Simple exhaust heat-x

[AdeV]

I've just started constructing a very simple exhaust heat exchanger. It probably won't be particularly efficient, but - one variant at least - won't suffer from clogging...

It's all based around some 2.5" dia thick wall Ali tube. I've cut some threads in one end to match the various threaded couplings I have here:



Once I figure out how to hold t'other end without crushing the threads, I'll thread the other end as well. That will give me a unit I can assemble between two elbows, and will replace the vertical pipe that you can see in my avatar.

I've also got 10mtrs of 10mm "microbore" soft copper pipe, which I intend to wrap either:

a) around, or
b) inside of

the heat-x tube.

Option a) is the one that definitely won't ever clog up with crap, as the internal surface is smooth bore. That's the upside. The downsides are; less thermal capture (some of the exhaust will travel straight up the centre, not releasing its heat to the walls. I may be able to partially fix this by introducing some kind of turbulence-inducing vanes or baffles. The other downside is the only transfer of heat to water is via the copper which is in contact with the aluminium. To maximise this, I could cut a spiral groove into the ali, into which the copper pipe sits snugly. This will increase the contact patch to around 50%; the whole thing can then be wrapped in shiny aluminium foil, and then insulation, to try to keep as much heat inside as possible.
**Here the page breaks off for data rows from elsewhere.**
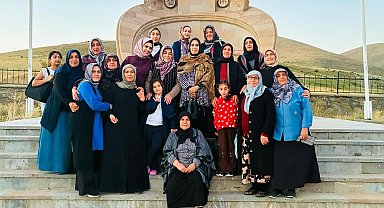 AK Parti Erzincan Kadın Kolları Otlukbeli'nde kadınlarla buluştu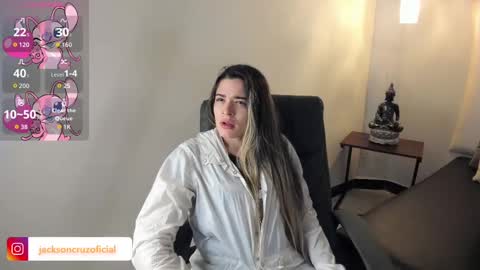 Snapshot of miavillalobos_ chatting on October 7, 2025, 12:02 pm Mia Villalobos online show from October 7, 2025, 12:02 pm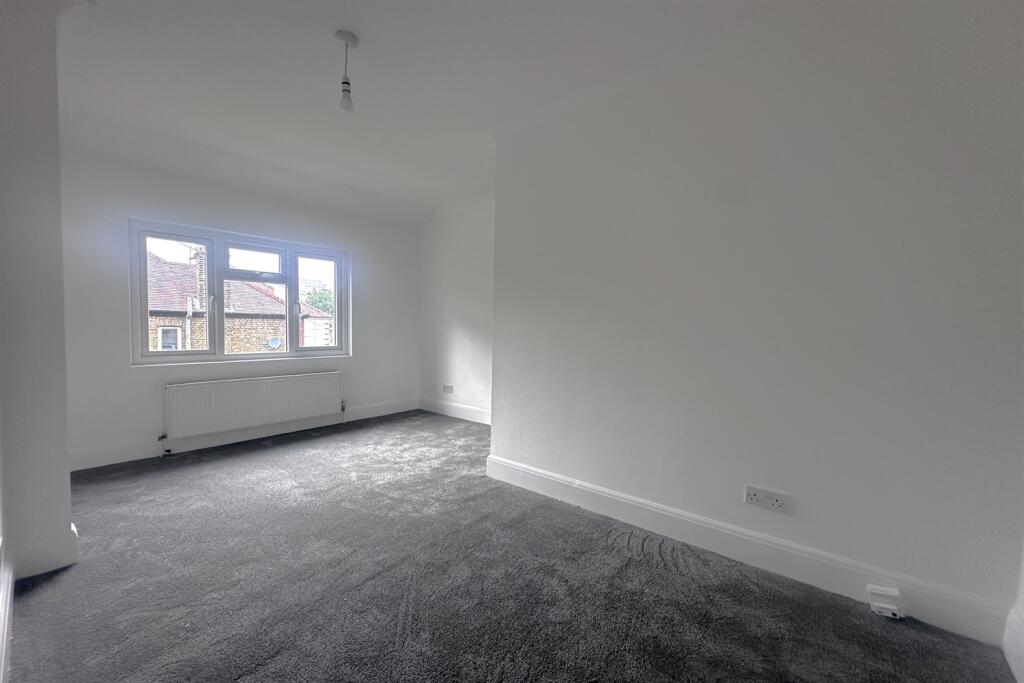 Apartment in Southend-on-Sea, Essex - More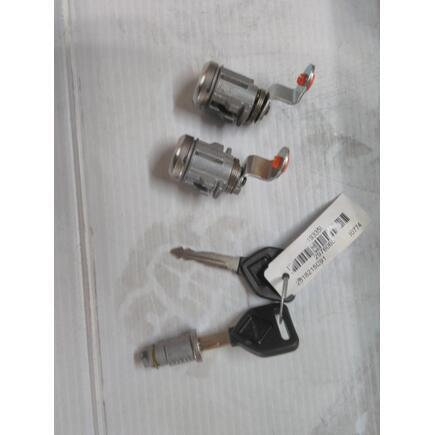 Ignition Lock Cylinder Set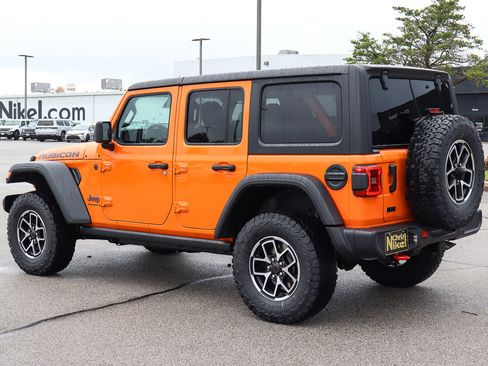Used 2025 Jeep Wrangler Unlimited Rubicon w/ Convenience Group image 6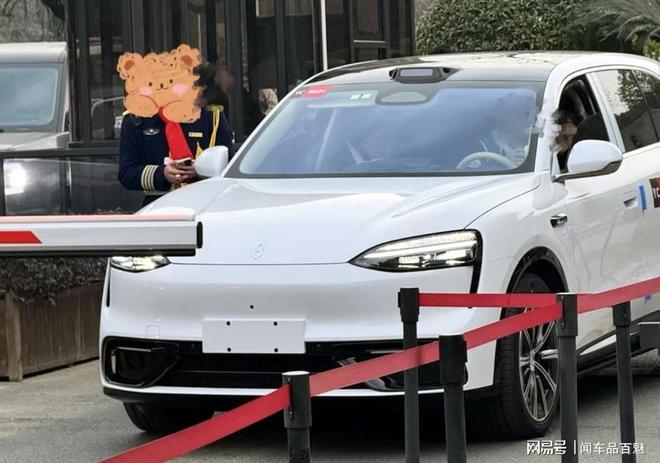 “华为系”M字辈新成员！问界M6再度露面，外观动感，神似保时捷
Option b) may clog up, I don't know... The idea would be to wrap the copper pipe more tightly, and introduce it inside of the exhaust pipe. The copper would be nearly 100% in contact with exhaust gases, and therefore much greater heat extraction should be possible. Downsides - otehr than the possibility of clogging, there's also the acids in the exhaust which may corrode the copper. It would need cleaning as the carbon deposits built up on the copper (irrespective of the clogging possibiloty), reducing efficiency over time.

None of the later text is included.